Goldstone report 'remains alive'
Geneva - Palestinian diplomats said on Friday that they would ensure a United Nations report on war crimes in Gaza "remains alive" despite the UN Human Rights Council's decision to delay a vote on whether to pass it to the General Assembly for further action.
The investigation led by former South African judge Richard Goldstone concluded that both Israel and Palestinian militants committed war crimes and possible crimes against humanity during their December 27-January 18 conflict in Gaza.
The 47-nation rights council had been expected to pass a resolution this week that could have brought Israeli officials one step closer to prosecution at the International Criminal Court in The Hague. It decided instead to delay a decision until March, after what officials described as "intense diplomacy" from the United States.
Palestinian deputy ambassador Imad Zuhairi said on Friday that the deferral was a result of his government's desire to build broad international support for action next year.
"This is not a victory for Israel," Zuhairi told The Associated Press. "The report is there and we will ensure that the report remains alive."
Washington and its close ally Israel have rejected the report as biased.
A senior US official, speaking on condition of anonymity, said the Palestinian decision came after strong pressure from Washington to convince the Palestinian leadership that going ahead with the resolution would harm the Middle East peace process.
The report recommended that the UN Security Council in New York require both sides to show they are carrying out credible investigations into alleged abuses during the three-week conflict - in which almost 1 400 Palestinians and 13 Israelis were killed.
The resolution that was under consideration would have only taken the report to the less powerful General Assembly.
Goldstone and his team examined 36 incidents and interviewed dozens of Palestinian and Israeli witnesses in Gaza and Geneva to compile the report.
The incidents include one case in which Israeli forces allegedly shelled a house where soldiers had forced Palestinian civilians to assemble, and seven in which civilians were shot while leaving their homes trying to run for safety.
On the Palestinian side, the report found that armed groups firing rockets into southern Israel from Gaza failed to distinguish between military targets and civilians, and several allegations that Palestinians were held as human shields by militants.

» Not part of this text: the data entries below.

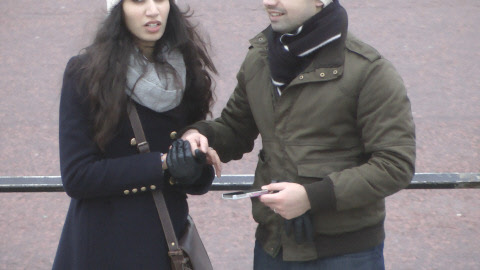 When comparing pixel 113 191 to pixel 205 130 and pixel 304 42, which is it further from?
pixel 304 42

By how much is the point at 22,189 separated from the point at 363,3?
19.4 ft

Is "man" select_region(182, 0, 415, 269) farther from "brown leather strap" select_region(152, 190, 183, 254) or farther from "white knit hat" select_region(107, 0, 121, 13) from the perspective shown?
"white knit hat" select_region(107, 0, 121, 13)

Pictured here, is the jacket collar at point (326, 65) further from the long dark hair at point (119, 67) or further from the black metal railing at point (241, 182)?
the black metal railing at point (241, 182)

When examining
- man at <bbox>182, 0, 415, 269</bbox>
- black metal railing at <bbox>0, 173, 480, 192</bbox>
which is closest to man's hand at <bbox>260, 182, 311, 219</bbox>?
man at <bbox>182, 0, 415, 269</bbox>

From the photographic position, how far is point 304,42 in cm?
244

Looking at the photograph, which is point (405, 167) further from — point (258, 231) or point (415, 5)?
point (415, 5)

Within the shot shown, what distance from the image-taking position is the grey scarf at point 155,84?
8.50 feet

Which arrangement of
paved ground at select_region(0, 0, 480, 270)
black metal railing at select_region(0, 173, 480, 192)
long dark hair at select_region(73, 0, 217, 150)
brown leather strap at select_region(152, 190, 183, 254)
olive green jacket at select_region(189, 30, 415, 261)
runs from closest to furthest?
olive green jacket at select_region(189, 30, 415, 261) < long dark hair at select_region(73, 0, 217, 150) < brown leather strap at select_region(152, 190, 183, 254) < black metal railing at select_region(0, 173, 480, 192) < paved ground at select_region(0, 0, 480, 270)

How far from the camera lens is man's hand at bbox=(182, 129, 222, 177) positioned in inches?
102

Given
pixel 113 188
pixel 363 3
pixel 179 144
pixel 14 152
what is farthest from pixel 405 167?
pixel 363 3

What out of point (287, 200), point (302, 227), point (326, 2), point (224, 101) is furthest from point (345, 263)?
point (224, 101)

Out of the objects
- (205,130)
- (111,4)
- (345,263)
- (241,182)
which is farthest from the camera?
(241,182)

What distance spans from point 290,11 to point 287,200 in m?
0.55

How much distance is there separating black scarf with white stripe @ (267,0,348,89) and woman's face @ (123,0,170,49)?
1.25 ft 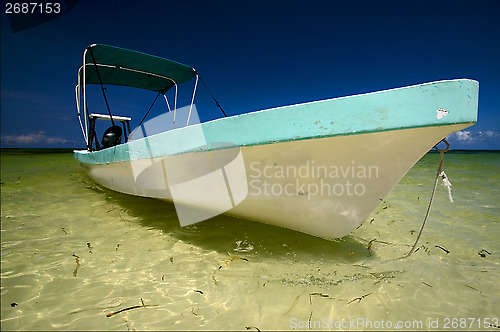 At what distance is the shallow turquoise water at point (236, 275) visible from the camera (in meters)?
1.32

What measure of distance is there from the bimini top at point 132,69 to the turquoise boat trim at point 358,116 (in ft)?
11.4

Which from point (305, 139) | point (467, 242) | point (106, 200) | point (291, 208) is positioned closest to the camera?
point (305, 139)

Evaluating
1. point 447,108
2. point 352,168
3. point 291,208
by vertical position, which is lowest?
point 291,208

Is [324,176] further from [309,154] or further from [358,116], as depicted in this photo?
[358,116]

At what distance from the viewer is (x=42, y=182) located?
5484 mm

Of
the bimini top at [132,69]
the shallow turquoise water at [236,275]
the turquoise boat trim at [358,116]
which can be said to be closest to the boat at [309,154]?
the turquoise boat trim at [358,116]

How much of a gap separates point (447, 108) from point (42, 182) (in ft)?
23.8

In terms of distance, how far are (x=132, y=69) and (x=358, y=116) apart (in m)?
5.03

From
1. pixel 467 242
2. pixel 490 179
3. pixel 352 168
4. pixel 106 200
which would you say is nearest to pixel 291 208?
pixel 352 168

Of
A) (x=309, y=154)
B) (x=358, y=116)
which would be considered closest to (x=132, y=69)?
(x=309, y=154)

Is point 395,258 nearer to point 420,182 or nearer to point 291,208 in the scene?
point 291,208

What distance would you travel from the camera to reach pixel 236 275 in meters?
1.75

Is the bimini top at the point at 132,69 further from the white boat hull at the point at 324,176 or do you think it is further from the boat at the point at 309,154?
the white boat hull at the point at 324,176

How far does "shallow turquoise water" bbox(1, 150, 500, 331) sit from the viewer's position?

Taher Nunu, a spokesperson for Hamas, the group controlling the Gaza Strip, criticised the UN delay.
"We warn the United Nations that ignoring this report and not taking any actions based on it will pave the way for a new war in the region with international cover," Nunu said in a statement on Friday. "The occupation forces will commit even more terrible crimes."
Hamas remains in a power struggle with the rival Fatah group, and is not represented at the Geneva-based rights council.
Rights groups, too, expressed concern about the consequences of the deferral.
"The United States won Israel a reprieve on the Goldstone report, so now it must ensure that Israel genuinely investigates allegations of abuse," said Sarah Leah Whitson, Middle East director of Human Rights Watch.
"If this doesn't happen by March, then the US should endorse the Goldstone report's call for international mechanisms of accountability."